No es, creo, que el director, consecuente con ese hablar de sí mismo, se sienta más allá de bien y el mal, pero indudablemente tal vía de aproximación a las historias llevadas a la pantalla le permite pasar a un segundo plano de importancia las anécdotas que hacen parte de la trama, la sobreabundancia de diálogos y la credibilidad aferrada a una lógica pragmática, para centrarse en el relato mismo, sus modulaciones temporales, su empaque figurativo, los detalles gestuales —sobre todo las miradas—, la atmósfera y el aporte de la banda sonora, lo mismo que el de las réplicas, a la construcción de aquella. Es, en suma, un inconfundible estilo propio, que, por ende, no se siente condicionado por las posibles repercusiones en la taquilla. En la oportunidad parece importarle muy poco, si algo, que los fans del género de películas del oeste se sientan desencantados cuando, a pesar de las apariencias iniciales —el personaje es presentado descendiendo de un vehículo y lo primero que se ven son las típicas botas de vaquero—, la manera de estructurar el relato ignore las reglas del western.

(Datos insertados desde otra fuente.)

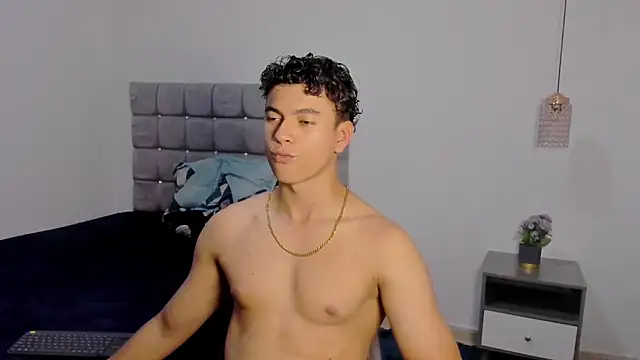 Snapshot of Santy_Stump chatting on 02.10.26 Santy Stump online show from 02.10.26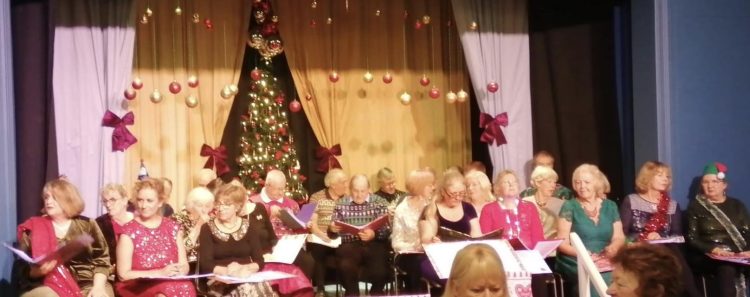 CAROLS AND MINCE PIES RETURN TO BEMBRIDGE VILLAGE HALL THIS DECEMBER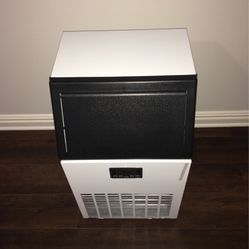 BRAND NEW ICE MAKER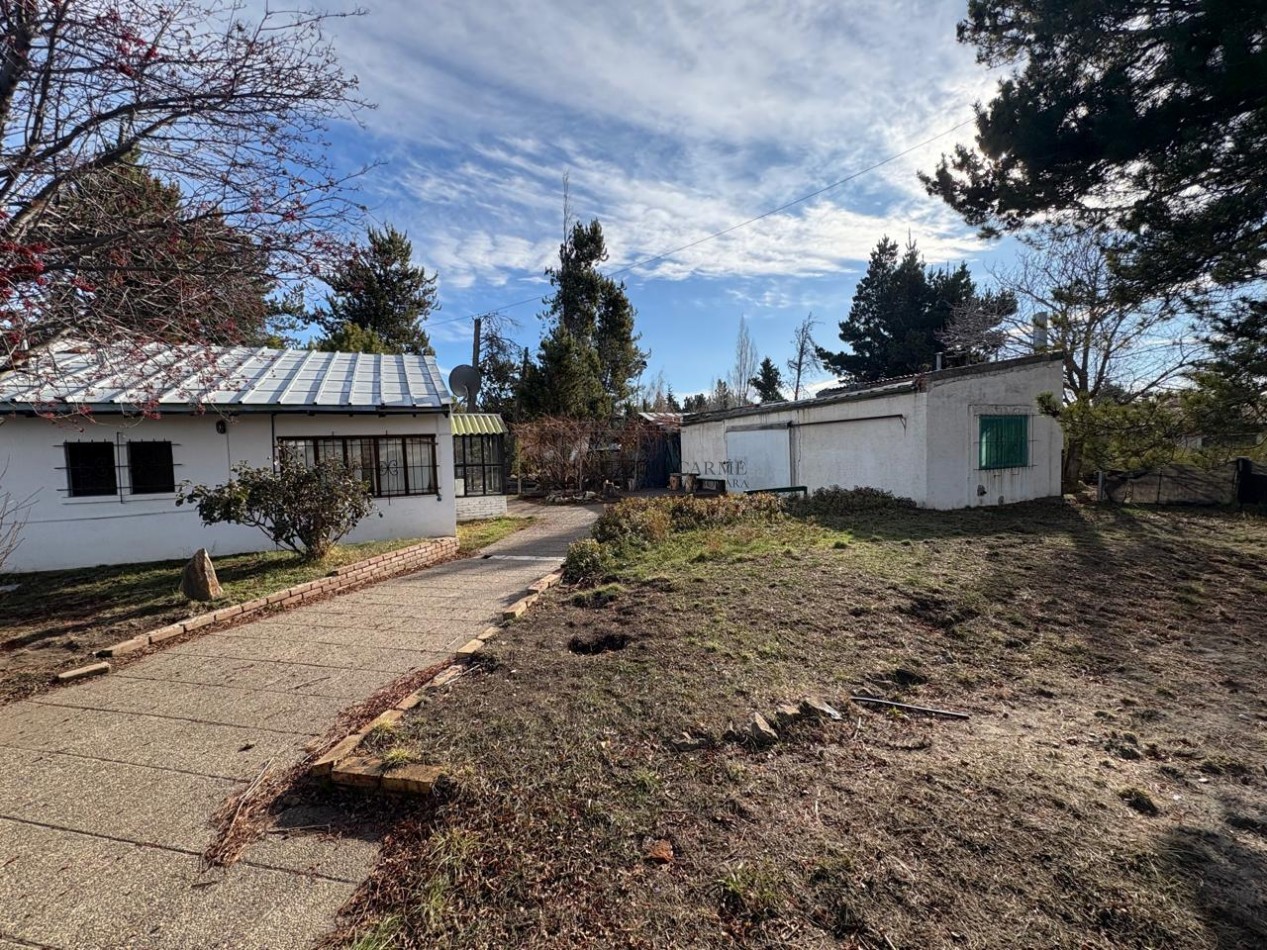 Lote con casa a 100 m del lago y del Rio Limay ubicacion estrategica en Dina Huapi con gas de red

De tal suerte quienes descalifiquen la película, o minimicen su estatura, trayendo a colación, por ejemplo, la ilógica del repentino enamoramiento de una viuda mexicana al menos 40 años más joven por el nonagenario venido de otro lado —ese mismo tipo de “inverosímil” romance en ciernes ya era la superficie de la excelente Los puentes de Madison(1995)—, no acaban de sintonizar con la sutil crítica a los estereotipos machistas, reproducidos aquí en los dichos y las actitudes de Rafa (con una inocencia algo sobreactuada, es cierto), pero sobre todo no perciben donde está centrado el interés del realizador: en el cómo, y no tanto en el qué. Prioridad de igual manera evidente en la no menos ilógica relación de amistad cómplice entre Mike y Rafa en compañía de un gallo de pelea llamado “Macho”, el único subrayado, indirecto por lo demás, que se permite Eastwood en referencia a su impugnación implacable a la misoginia.

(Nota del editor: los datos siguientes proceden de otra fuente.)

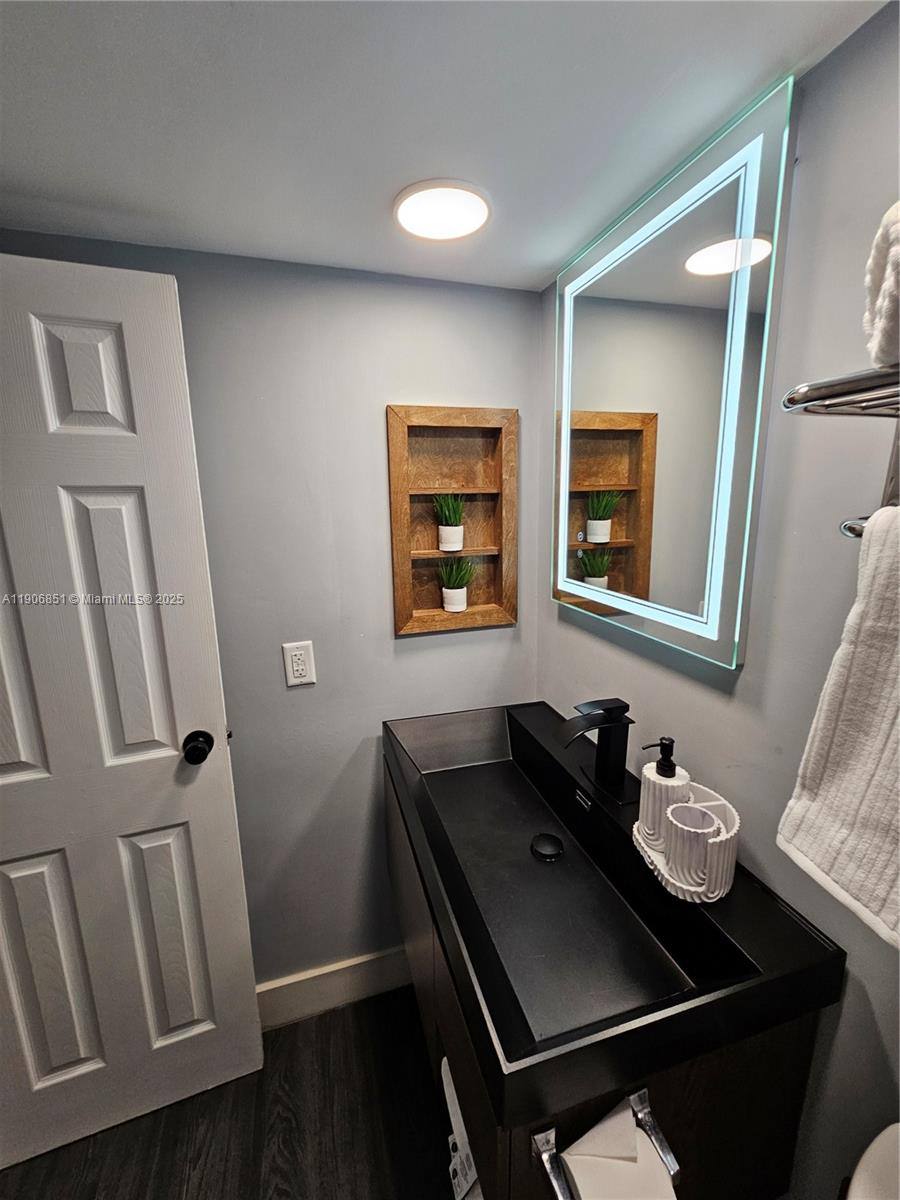 Apartment for rent at 19201 Collins Ave #324, North Miami Beach, FL 33160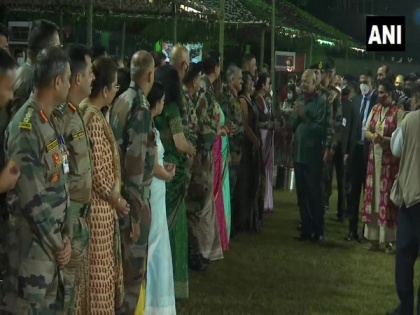 President Kovind interacts with Army jawans, their families in J-K | President Kovind interacts with Army jawans, their families in J-K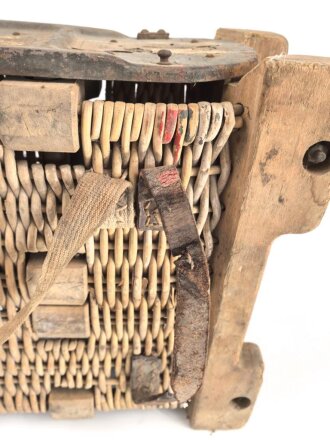Transportkorb Wehrmacht für Kartuschen leichte Feldhaubitze 18, ungereinigtes Stück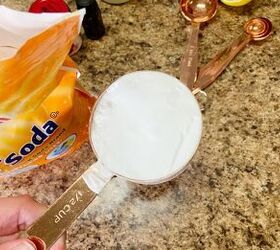 This bathroom hack takes 1/2 cup of baking soda and just 5 minutes to do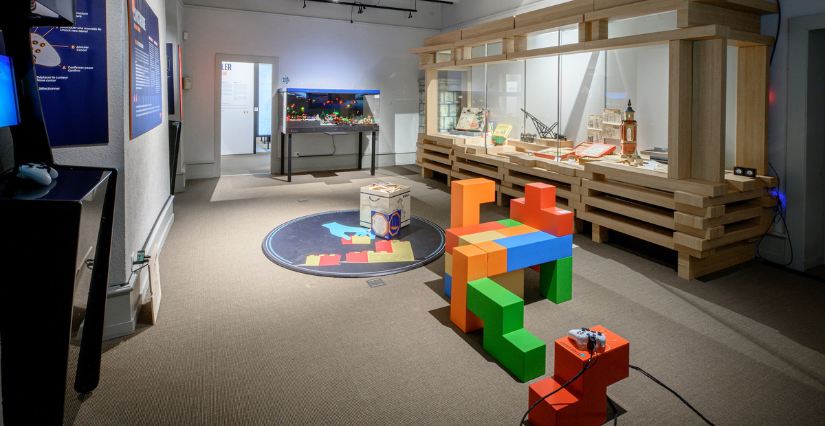 Exposition "De la case au pixel", en famille, Musée du château de Mayenne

Menos redonda que la impecable Gran Torino (2008), probablemente el acierto mayor de Eastwood en el tramo más reciente de su carrera y respecto a la cual algunas recensiones ensayaron una artificiosa comparación, en afán de minimizar los logros de Cry Macho, puesto que sin dejar de advertir algunas flaquezas —la rigidez de Eastwood en la composición de su personaje, entre otras—, de allí a colegir que se trata de un sobrante dista un largo trecho. Más al contrario, ésta no deja de proponer aciertos por demás disfrutables.

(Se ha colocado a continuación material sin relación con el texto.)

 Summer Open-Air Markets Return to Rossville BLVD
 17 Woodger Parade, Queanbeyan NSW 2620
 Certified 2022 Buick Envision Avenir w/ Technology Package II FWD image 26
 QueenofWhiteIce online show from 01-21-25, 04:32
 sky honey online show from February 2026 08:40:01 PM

Enumeremos algunos. El manejo distendido del ritmo, pausado, de la narración; la paleta cromática elegida: dominada por el tono castaño opaco, en correspondencia con la historia de un individuo que presiente su crepúsculo existencial, sin dejarse caer en el pesimismo vano. El humor, punzante pero abstenido de la estridencia, al igual que la economía de los diálogos para dejar lugar a las miradas y los ademanes suficientemente expresivos, pero tampoco sobrecargados. Desde luego la música, compuesta en parte por el realizador y elegida por él sin avergonzarse, no hay por qué, de comenzar con una balada country cantada por uno de los notables de la época de oro del género y de acompañar los momentos románticos del relato con el fondo de Sabor a mí interpretada por Los Panchos y Eydie Gormé, metaforizando así la oscilación emocional de Mike en su periplo entre dos culturas diferentes. Podríamos seguir, pero baste con decir que siendo tal vez una de las realizaciones menores de Eastwood no deja de estar muy por encima del promedio de lo propuesto por el grueso del cine/mercancía, que es en buena medida opinable cine de verdad, como lo es en cambio siempre el de Clint, aún en sus trabajos menos descollantes.